Wednesday, June 17, 2009

Epistemic authority

Jerry Coyne has a really solid post up on the problem of conceding authority to faith and faith-based views titled "Does religion have greater “epistemic authority” than science in some areas?" In short: faith-based authority on most matters is null because it lacks any evidentiary grounding. It's a game of "he said, s/he said" and fantasy. The lack of hard corroborable evidence for supernaturalistic beliefs - religion, astrology, astral projection, UFOs, ghosts, etc. - removes its epistemological authority.

1 comments:

Anonymous said...

Right--and Coyne quotes from the writing of Tom Clark, which is dense but lucid and worth reading (link below)"Reality and Its Rivals:
Putting Epistemology First

Being epistemically responsible – not taking appearances at face value and seeking external confirmation for belief – inevitably pushes us toward intersubjectivity and science. This in turn increases the plausibility of the claim that there’s nothing over and above the natural world, what science shows to exist.


About the most crucial distinction we can make as cognitive creatures is between appearance and reality, between how things seem and how they really are, between subjectivity and objectivity . . .

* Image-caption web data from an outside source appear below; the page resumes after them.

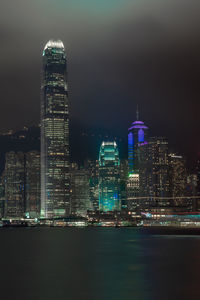 Illuminated buildings in city against sky at night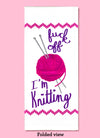 Folded dishtowel with an illustration of a ball of yarn and knitting needles with the phrase Fuck Off I'm Knitting.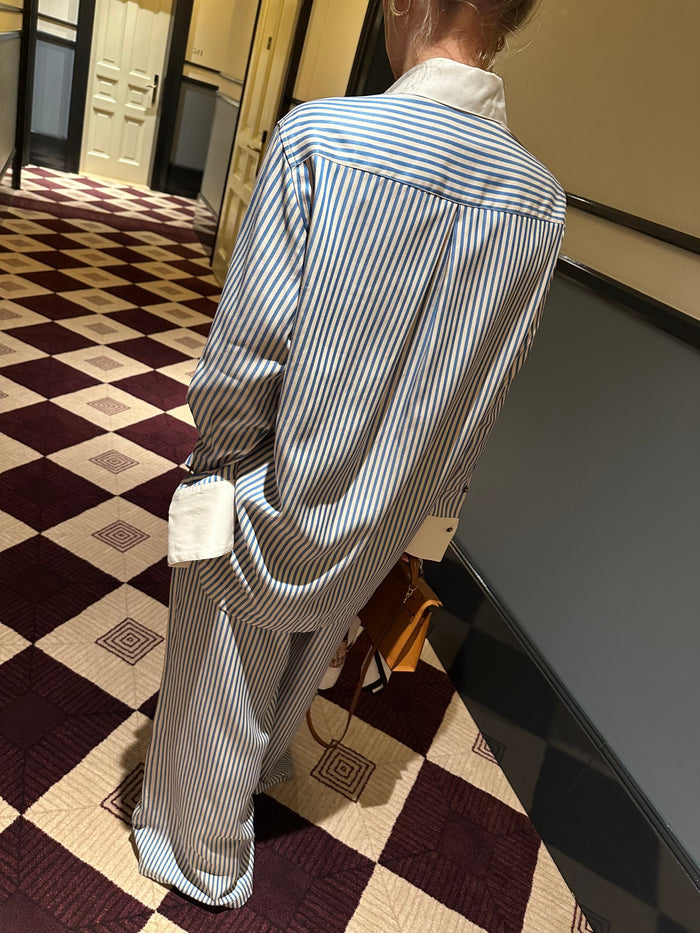 TENCEL™ Edit Blue Stripe Lounge Shirt back view on a checkered floor.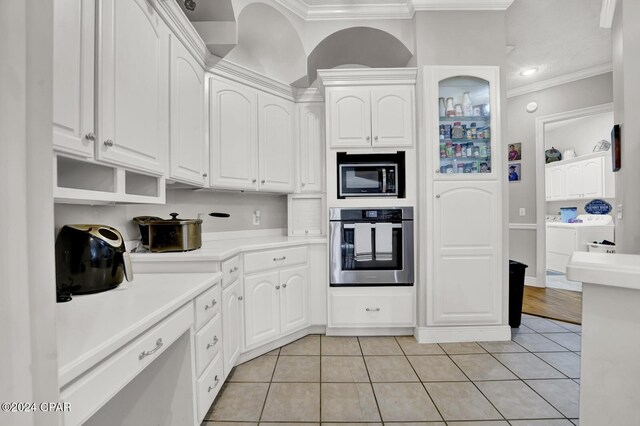 kitchen with ornamental molding, white cabinets, and oven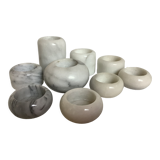 9 marble candle holders of different sizes
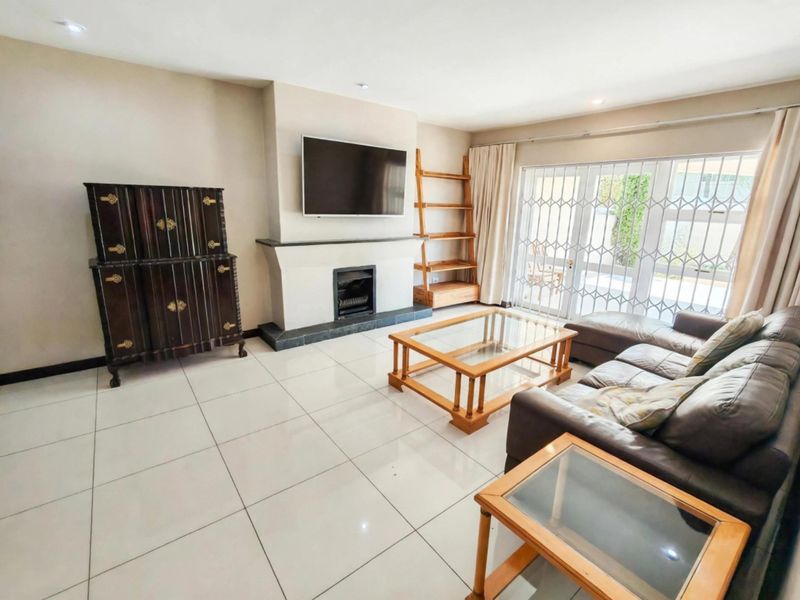 Spacious living room featuring large format floor tiles, a central fireplace, and sliding glass doors providing access to the outdoor area.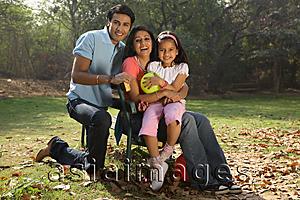 Asia Images Group - Family in park, girl holding yellow balloon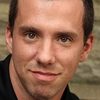 Erik Searle as Michael Adams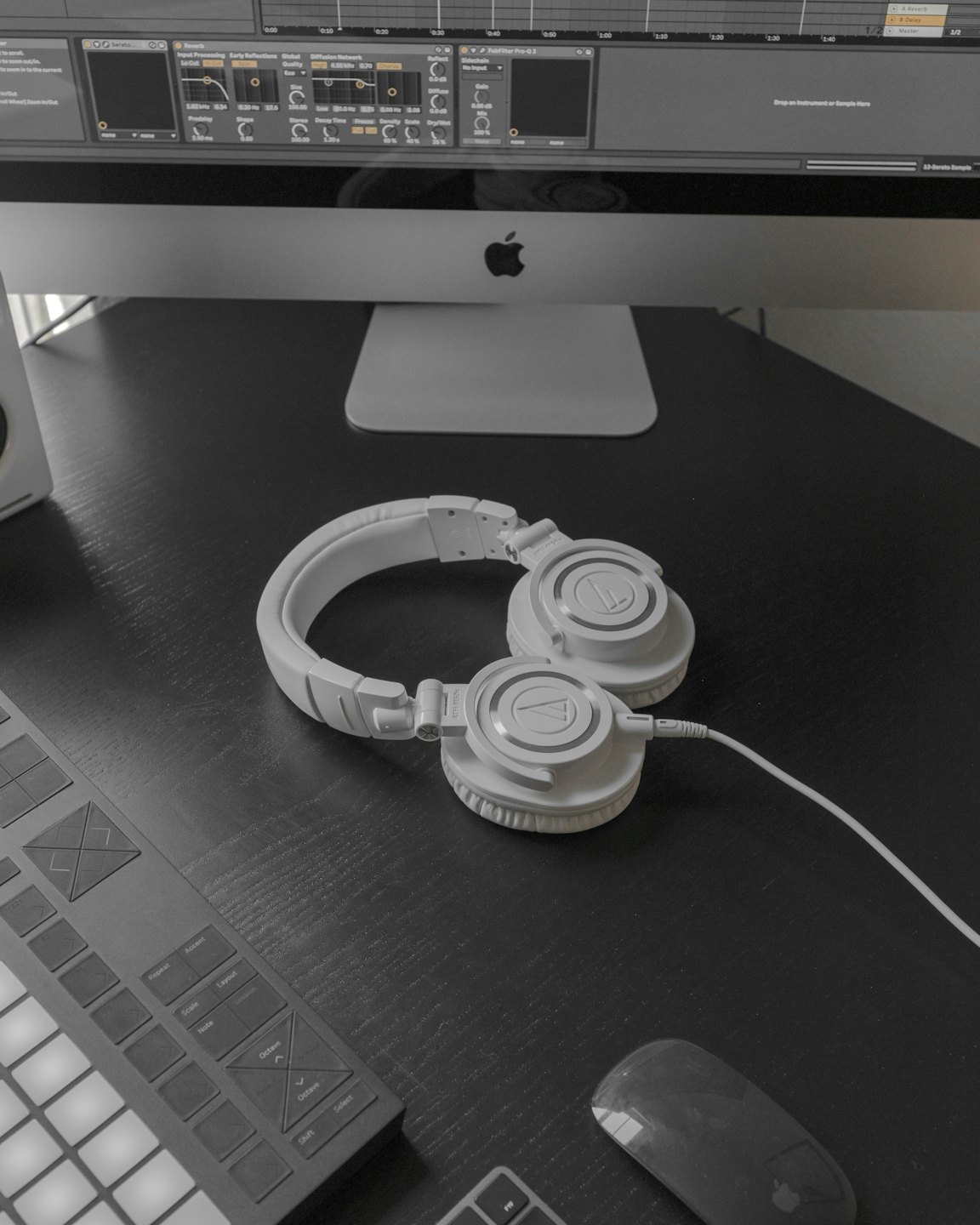 Headphones and music equipment on a dark wooden desk.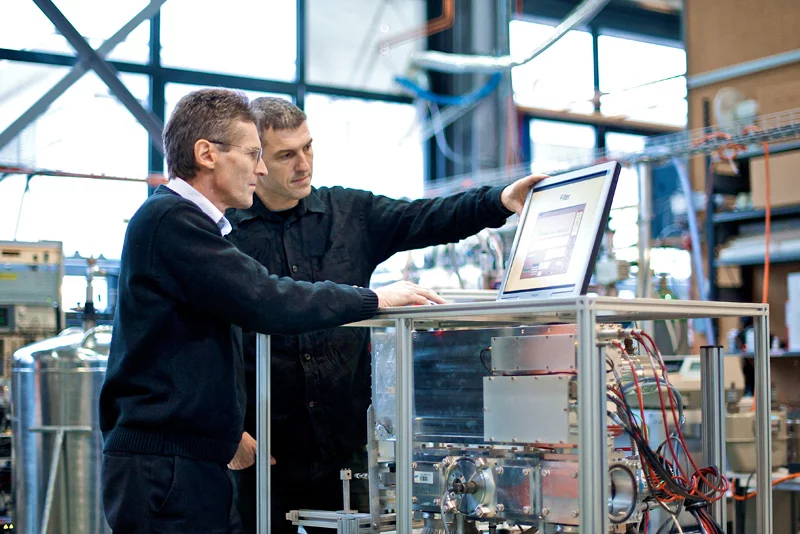 PSI scientists Urs Baltensperger (left) and André Prévôt with the mass spectrometer that made new insights into the creation of particulates in the atmosphere possible.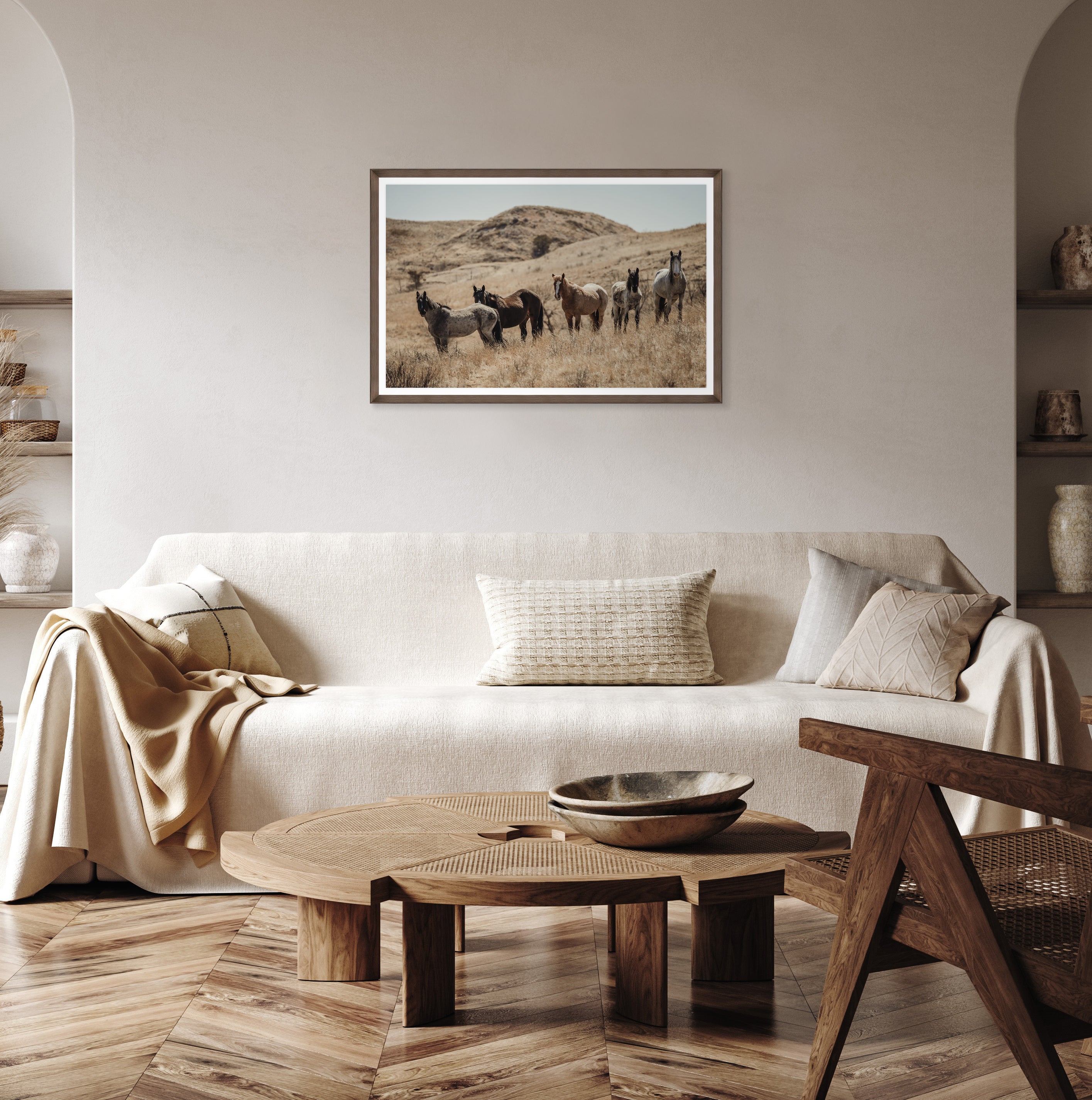 Living room with a beige sofa, wooden coffee table, and framed picture of horses on the wall - Your Western Decor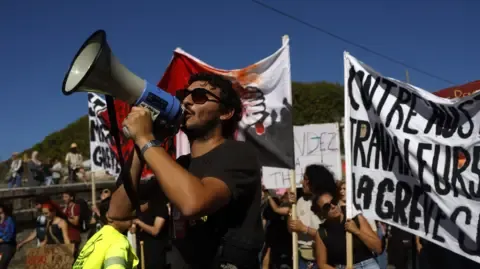France-Wide Strikes Erupt Against Fiscal Reductions
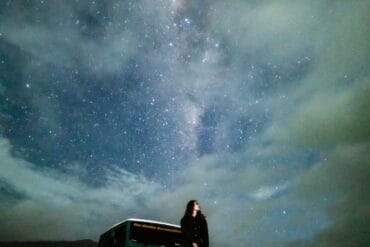 A woman posing on a jeep under a misty Milky Way sky at Pasir Berbisik in May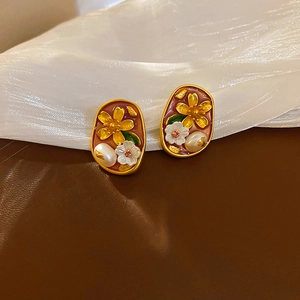 Detailed close-up of gold flower earrings with enamel petals and pearls on dark leather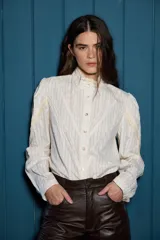 Camisa de algodón con estampado de rayas verticales finas, cuello alto con detalle de encaje broderie, cierre frontal con botones y mangas con frunces en los hombros y detalles de encaje.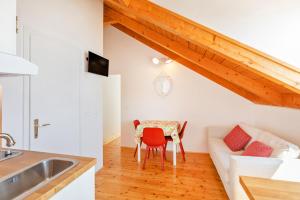 a kitchen and a living room with a table and a couch at Tik tak Dubrovnik 2 in Dubrovnik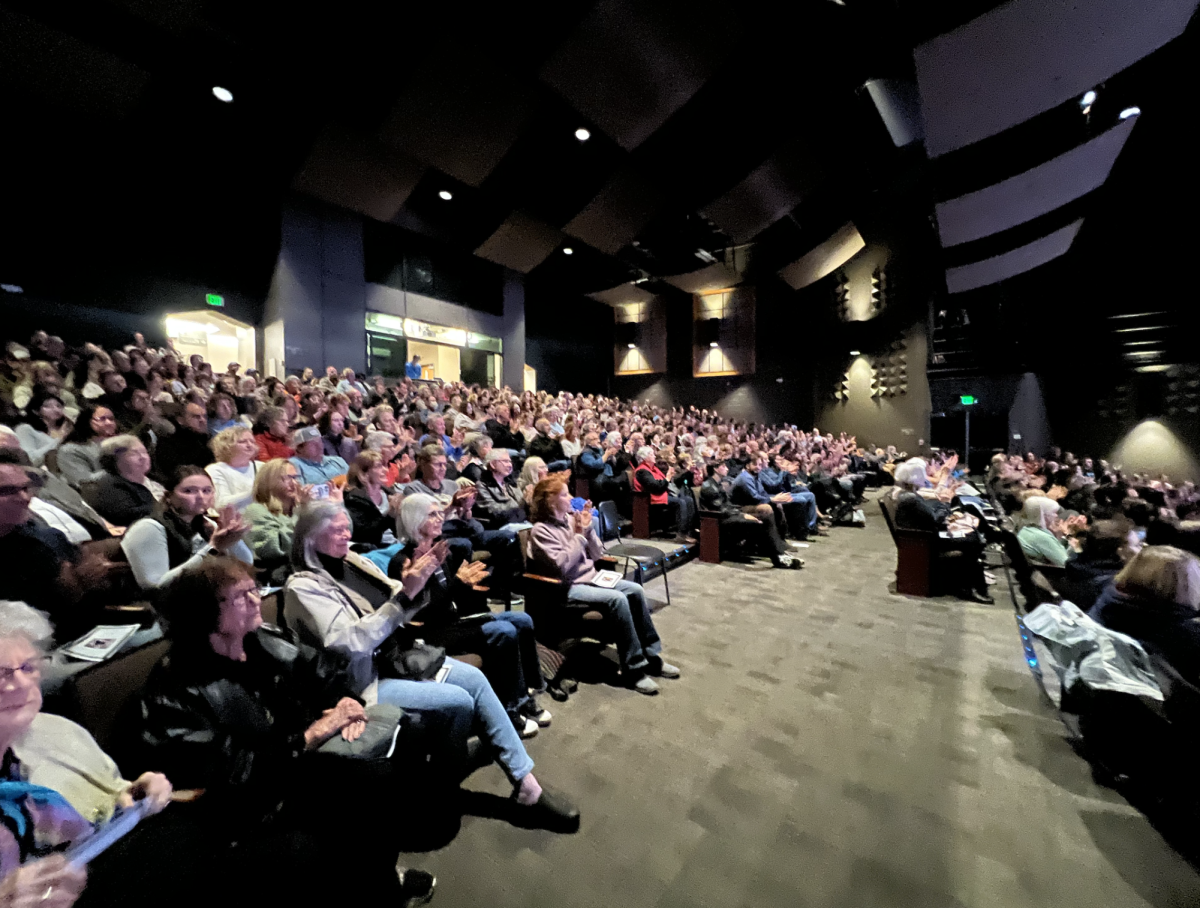 A sold out crowd watches Joseph Alexanders presentation. Photo taken by Molly Myers on April 14.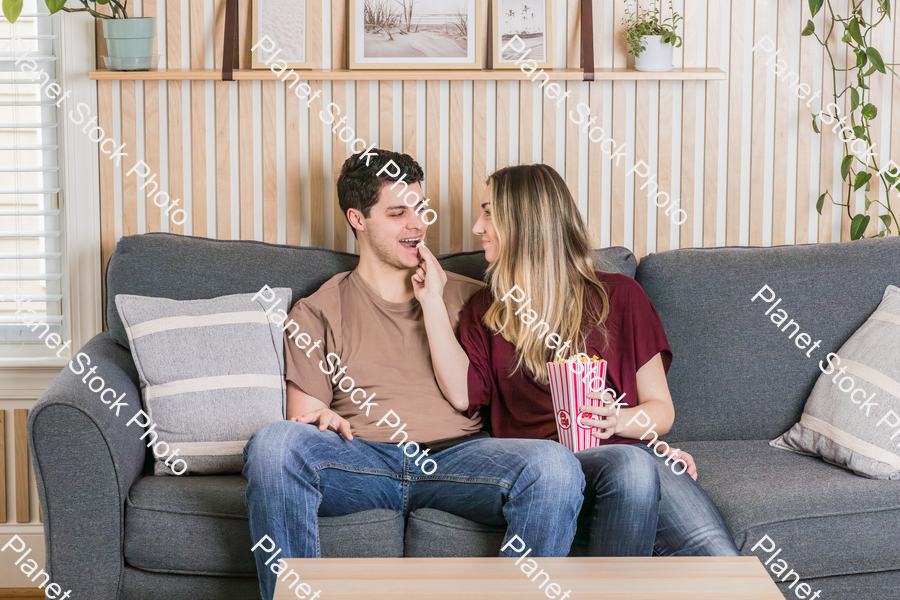 A young couple sitting on the couch, watching a movie, and enjoying popcorn stock photo with image ID: f4b017f8-006d-4139-b668-eafca1a88a6d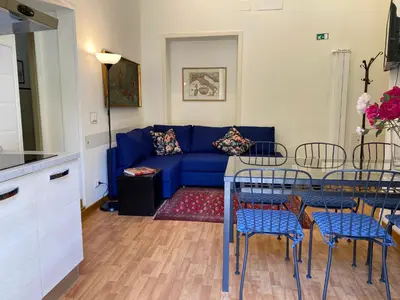 a living room with a blue couch and a table at Otium Maecenatis Apartments in Rome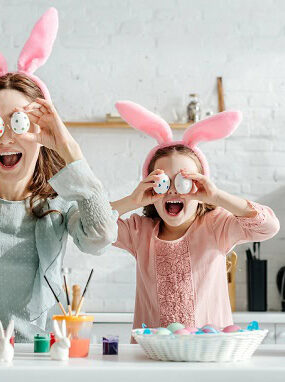 A happy mom and daughter in the kitchen holding up Easter eggs in front of their eyes.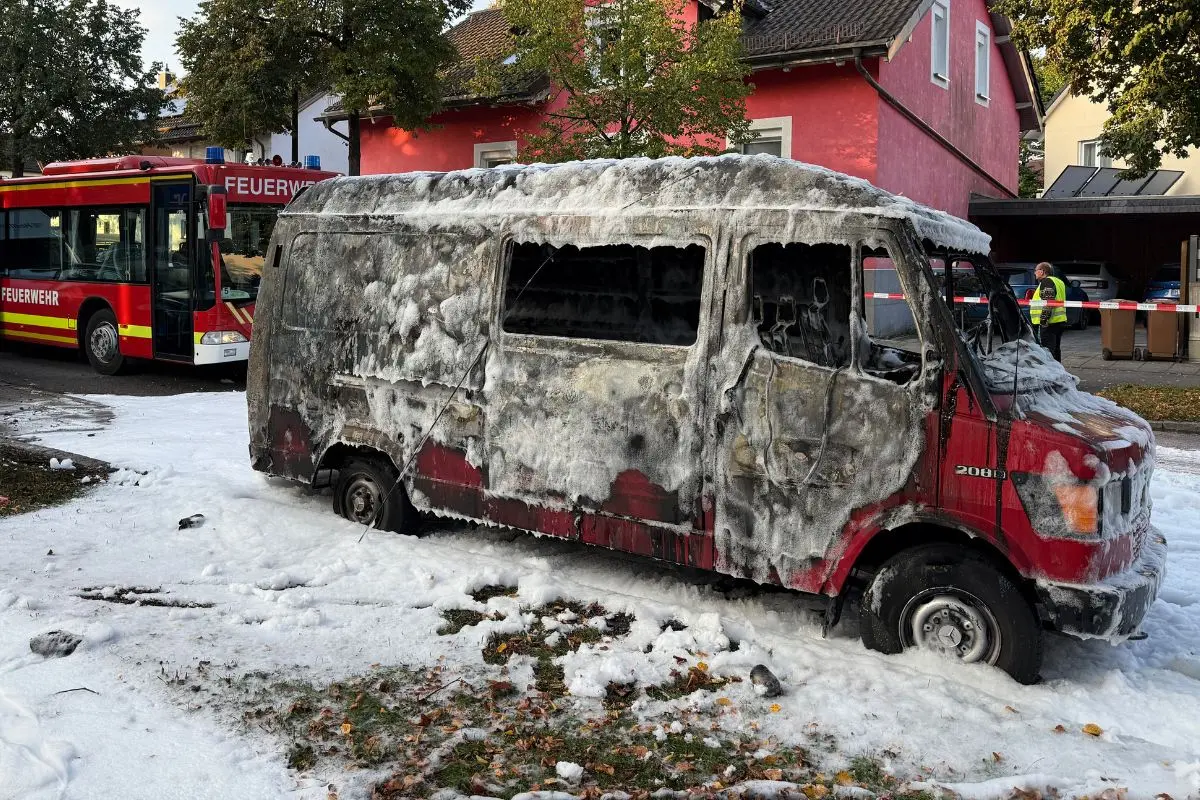 A burned van is covered by extinguishing foam after a fire in Munich, Germany | Photo: AP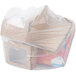 A white plastic trash bag filled with boxes.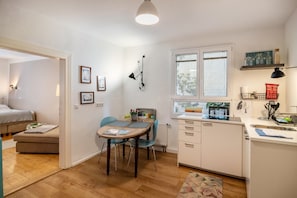 A compact kitchen with a dining area, a small dining table, and a window with blinds.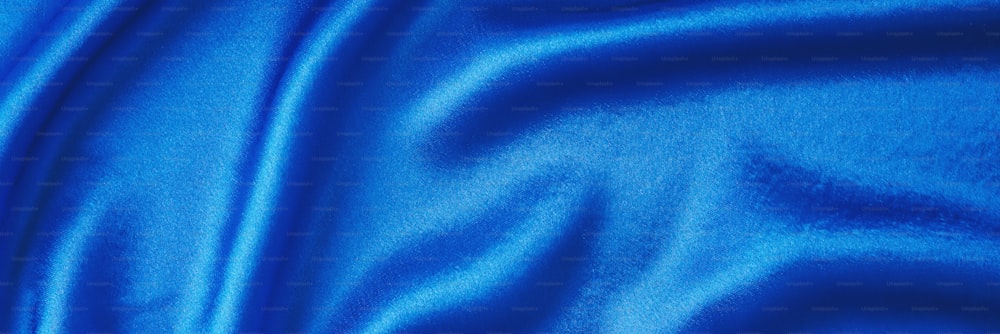 Fondo di seta blu con pieghe.  Trama astratta della superficie satinata increspata, banner lungo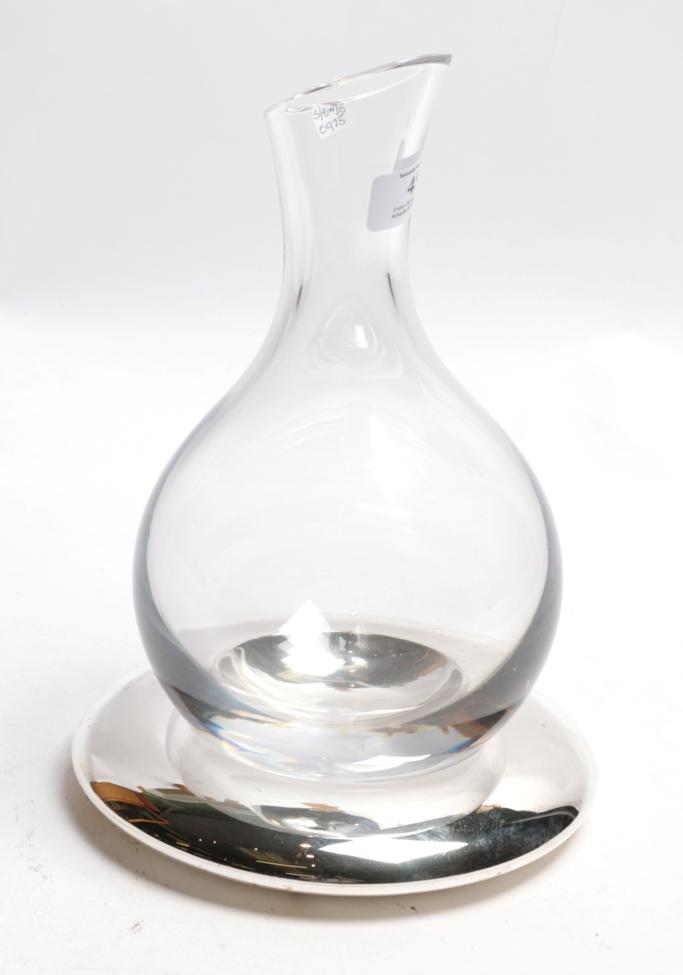 Lot 45 - A glass carafe with Elizabeth II silver base, the base by Francis Howard Ltd., London, 2008,...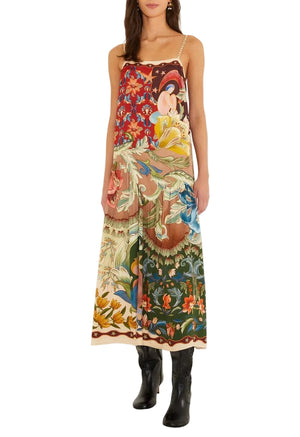 Farm Rio Lunar Boho Maxi Dress, a sleeveless, multicolored, patch-style botanical and celestial print dress worn with black boots.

. . . most religions and non-empirically grounded worldviews also claim objectivity; after all, that’s a primary function of a worldview: to provide a picture of what’s real. But these worldviews sometimes claim modes of knowing that reveal the existence of realms outside nature, or that support understandings of nature, and human nature, that sometimes contradict mainstream science. Scientists, science-promoting organizations, and those interested in getting at the truth about the world have a direct interest in assessing the reliability of such modes of knowing, as I’ve done above. Why? Because they want to make sure they’re not missing the cognitive boat in some respect. To openly question religious epistemology isn’t an unfair inquisition against religion or an attack on First Amendment freedoms of conscience, but a necessary defense of a precious and hard-won cultural resource: the epistemic virtue of submitting factual claims to tests which best insure their reliability. If there are other or better tests than what intersubjective empiricism, exemplified by science, has devised, scientists and other free inquirers want to know about them. On the other hand, if a religious or otherwise non-empirical epistemology isn’t a reliable guide to reality, that’s vitally important for people to know. In an interconnected global society, too much depends, both practically and ethically, on staying undeceived about the nature of the world and ourselves. The question of epistemology – of how we know what we know – has to be put front and center.